Web page caption snippets
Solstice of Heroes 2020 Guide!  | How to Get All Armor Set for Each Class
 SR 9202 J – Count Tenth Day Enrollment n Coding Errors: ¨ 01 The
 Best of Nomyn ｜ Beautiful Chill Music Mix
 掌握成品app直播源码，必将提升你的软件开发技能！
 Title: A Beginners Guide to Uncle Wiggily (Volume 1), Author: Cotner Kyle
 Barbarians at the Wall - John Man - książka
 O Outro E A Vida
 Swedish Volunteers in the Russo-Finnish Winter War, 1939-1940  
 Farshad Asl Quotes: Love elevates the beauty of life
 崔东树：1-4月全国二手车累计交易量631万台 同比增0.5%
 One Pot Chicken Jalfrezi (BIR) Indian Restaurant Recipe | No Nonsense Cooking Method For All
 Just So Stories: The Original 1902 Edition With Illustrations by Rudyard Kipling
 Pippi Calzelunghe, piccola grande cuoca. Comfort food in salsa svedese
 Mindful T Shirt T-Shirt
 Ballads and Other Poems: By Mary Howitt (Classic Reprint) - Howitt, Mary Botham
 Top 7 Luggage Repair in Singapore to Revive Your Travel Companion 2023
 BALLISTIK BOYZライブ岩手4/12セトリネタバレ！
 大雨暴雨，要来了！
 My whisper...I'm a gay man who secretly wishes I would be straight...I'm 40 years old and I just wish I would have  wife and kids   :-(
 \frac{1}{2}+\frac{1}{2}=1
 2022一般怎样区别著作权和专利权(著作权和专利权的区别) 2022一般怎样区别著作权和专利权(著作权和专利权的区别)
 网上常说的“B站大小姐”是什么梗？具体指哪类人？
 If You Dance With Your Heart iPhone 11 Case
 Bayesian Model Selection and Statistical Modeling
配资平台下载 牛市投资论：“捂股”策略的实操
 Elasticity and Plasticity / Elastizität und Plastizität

## AIM OF THE EXERCISE
Output the line containing "If You Dance With Your Heart iPhone 11 Case" and all lines after it to the end of the records, exactly as given.

## TASK SOLUTION
 If You Dance With Your Heart iPhone 11 Case
 Bayesian Model Selection and Statistical Modeling
配资平台下载 牛市投资论：“捂股”策略的实操
 Elasticity and Plasticity / Elastizität und Plastizität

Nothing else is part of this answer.